Citation: Energy efficiency: methods, limitations and challenges, 2012 / Cavalcanti, E., Barbosa, M. (ed./s), Ch.5, pp.119-133
Publisher: Nova Science Publishers
Publisher Place: New York, USA
Issue Date: 2012
ISBN: 9781620818176
Editor: Cavalcanti, E.
Barbosa, M.
Statement of
J. Morrissey, R. Horne, J. Kellett
Abstract: Planning in the advanced economies of the US and Australia has demonstrated a continued separation of urban functions in the post-war period, taking advantage of cheaper land on the outskirts of urban areas and increasing dependency on the motor car.
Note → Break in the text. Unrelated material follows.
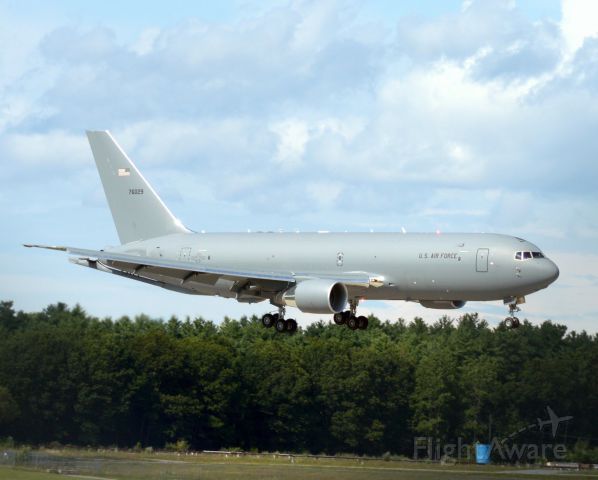 1746029 — - Pack 01 Heavy First KC-46 tanker for the 157th ARW New Hampshire Air Guard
While the threats of climate change and peak oil have increasing drawn attention to, and criticism of, current modes and paradigms of development, the policy debate remains shaped by perceived trade-offs in locational efficiency through the supply of lower cost land (and therefore housing) on the outer urban periphery, remote from key employment centres. Australian cities are highly car dependent as a result of this history, with approximately 80 per cent of trips taken by private automobile. There is some evidence that insufficient public transport, unfavourable accessibility and long distances are accepted by households who attain other advantages in return: quiet location, low price of land, pleasant neighbourhood. Current trends suggest that households choose their housing location and consumption bundle to maximize their utility. However, extensive building on the urban fringe not only consumes precious land resources, for example, but is largely responsible for high costs of infrastructure and energy, the congestion of transport networks and degradation of the environment. Over medium term timescales, spread-out cities are also more vulnerable than compact cities when confronted with an abrupt increase in their transportation costs. This pattern of development therefore has implications in terms of wider social and economic costs resulting from perceived trade- offs, and for the future security of households who may be highly vulnerable to future energy price rises.